Proof involving derivative product rule for transpose and gradient

calculusderivativesmultivariable-calculusvector analysis

Let $f,g: \mathbb{R} \rightarrow \mathbb{R}^n$ be differentiable
functions and let $h: \mathbb{R} \rightarrow \mathbb{R}$ be defined by
$h(t) = f(t) \cdot g(t)$.

Prove that $\frac{dh}{dt}(a) = (Df(a))^T \cdot g(a) + f(a) \cdot (Dg(a))^T$,

where $a \in \mathbb{R}$ and $M^T$ represents the transpose of a
matrix $M$ (we are considering, for example, the row matrix
$(Df(a))^T$ as an element of $\mathbb{R}^n$.

I know that this has something to do with gradient vectors and product rule, but I actually have no ideia of how to prove this. Any help, please?

Best Answer

You can track the vector components.

Let $f_i, g_i$ be the vector components of the function values. Note that $(Df)_i=\frac{d}{dt}f_i$.

$$ \frac{dh}{dt}=\frac{d}{dt}\sum_i f_i(t) g_i(t)=\sum_i f_i(t)\frac{d}{dt}g_i(t)+g_i(t)\frac{d}{dt}f_i(t) $$

which leads to the product rule formula you stated by definition.

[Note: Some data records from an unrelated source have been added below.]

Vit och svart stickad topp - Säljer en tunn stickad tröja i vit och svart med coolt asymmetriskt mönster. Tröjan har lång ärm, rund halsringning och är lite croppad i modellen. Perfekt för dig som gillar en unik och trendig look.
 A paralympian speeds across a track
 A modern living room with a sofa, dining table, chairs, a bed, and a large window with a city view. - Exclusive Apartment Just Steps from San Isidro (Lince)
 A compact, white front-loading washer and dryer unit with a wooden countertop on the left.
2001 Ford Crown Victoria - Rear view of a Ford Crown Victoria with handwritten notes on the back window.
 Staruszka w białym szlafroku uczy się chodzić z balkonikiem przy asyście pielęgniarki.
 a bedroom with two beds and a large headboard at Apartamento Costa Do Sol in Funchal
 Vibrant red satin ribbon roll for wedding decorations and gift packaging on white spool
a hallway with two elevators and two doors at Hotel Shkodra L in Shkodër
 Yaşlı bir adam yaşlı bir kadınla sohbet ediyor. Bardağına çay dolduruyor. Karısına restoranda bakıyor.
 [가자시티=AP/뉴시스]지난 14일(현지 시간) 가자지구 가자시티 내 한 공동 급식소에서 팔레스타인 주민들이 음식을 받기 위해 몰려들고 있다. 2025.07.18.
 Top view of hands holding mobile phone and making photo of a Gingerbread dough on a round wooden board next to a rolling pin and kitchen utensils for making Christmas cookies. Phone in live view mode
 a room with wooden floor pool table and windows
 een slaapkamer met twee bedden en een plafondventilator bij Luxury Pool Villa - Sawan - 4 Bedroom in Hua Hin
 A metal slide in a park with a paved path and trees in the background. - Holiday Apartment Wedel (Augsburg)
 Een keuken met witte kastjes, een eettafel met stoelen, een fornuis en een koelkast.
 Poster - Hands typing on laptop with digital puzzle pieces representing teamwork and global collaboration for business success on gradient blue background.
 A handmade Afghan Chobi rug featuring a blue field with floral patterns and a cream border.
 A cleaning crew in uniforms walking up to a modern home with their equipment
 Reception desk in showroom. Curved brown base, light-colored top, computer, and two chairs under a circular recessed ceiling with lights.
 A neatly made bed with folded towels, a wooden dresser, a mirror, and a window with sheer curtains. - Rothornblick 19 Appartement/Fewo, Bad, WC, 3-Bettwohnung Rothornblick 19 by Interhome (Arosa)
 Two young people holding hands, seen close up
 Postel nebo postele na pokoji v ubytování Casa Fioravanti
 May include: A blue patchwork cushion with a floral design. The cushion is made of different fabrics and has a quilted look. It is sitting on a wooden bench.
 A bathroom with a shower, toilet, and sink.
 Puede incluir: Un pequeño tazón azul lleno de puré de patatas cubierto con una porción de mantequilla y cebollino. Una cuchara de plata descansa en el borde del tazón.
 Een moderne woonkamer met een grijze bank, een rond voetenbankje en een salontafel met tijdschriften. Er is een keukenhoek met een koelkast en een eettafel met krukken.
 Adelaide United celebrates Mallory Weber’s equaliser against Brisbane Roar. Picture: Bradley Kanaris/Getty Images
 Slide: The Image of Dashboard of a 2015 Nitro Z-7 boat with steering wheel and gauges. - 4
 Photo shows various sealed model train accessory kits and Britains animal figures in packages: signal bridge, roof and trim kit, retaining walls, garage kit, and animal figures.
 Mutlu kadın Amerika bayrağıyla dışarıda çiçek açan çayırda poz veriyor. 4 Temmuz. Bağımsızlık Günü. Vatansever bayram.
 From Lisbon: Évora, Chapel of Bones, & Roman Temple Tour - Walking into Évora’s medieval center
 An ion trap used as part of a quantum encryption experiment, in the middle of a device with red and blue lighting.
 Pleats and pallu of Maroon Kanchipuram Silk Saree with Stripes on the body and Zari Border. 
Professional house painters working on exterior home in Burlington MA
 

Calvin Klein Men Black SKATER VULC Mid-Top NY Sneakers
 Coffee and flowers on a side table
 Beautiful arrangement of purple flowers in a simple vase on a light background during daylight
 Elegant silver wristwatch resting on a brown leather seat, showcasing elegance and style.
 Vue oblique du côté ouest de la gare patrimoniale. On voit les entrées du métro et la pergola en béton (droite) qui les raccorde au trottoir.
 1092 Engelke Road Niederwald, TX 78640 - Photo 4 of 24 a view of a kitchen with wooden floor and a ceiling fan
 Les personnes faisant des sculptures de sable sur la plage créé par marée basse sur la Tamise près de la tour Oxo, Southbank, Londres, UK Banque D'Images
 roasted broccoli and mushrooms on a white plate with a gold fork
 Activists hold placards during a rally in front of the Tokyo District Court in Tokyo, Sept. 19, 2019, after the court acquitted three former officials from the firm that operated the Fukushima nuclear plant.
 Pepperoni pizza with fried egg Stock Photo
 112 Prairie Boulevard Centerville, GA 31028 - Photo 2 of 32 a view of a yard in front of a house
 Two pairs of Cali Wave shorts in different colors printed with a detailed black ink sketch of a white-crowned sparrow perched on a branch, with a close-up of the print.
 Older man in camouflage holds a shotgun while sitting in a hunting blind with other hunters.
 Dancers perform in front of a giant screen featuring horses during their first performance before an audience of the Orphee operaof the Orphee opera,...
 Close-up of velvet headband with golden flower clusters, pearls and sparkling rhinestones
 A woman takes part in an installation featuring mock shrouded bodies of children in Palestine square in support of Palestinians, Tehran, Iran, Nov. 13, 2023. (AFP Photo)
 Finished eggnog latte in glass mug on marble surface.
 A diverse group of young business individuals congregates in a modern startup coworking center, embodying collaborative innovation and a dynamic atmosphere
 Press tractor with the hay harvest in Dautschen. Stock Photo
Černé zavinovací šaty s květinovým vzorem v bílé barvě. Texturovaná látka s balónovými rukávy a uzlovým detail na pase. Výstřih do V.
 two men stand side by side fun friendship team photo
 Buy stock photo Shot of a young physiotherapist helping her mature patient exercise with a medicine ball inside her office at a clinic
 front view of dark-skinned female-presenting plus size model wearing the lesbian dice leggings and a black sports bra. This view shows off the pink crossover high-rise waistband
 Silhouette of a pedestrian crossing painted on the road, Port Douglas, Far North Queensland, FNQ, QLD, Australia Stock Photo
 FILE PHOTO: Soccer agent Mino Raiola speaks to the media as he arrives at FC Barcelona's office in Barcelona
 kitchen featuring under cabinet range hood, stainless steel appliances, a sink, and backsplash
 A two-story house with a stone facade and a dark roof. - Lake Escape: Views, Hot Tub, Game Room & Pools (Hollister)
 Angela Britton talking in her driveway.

The use of transpose in the original statement is superfluous. Transpose only matters if you phrase $h$ as the matrix-vector multiplication of $f^Tg$, where you can see the application of (the true $\mathbb{R}^m\rightarrow\mathbb{R}^n$) product rule simply retains the transpose on $f$; except that is not what your question asks.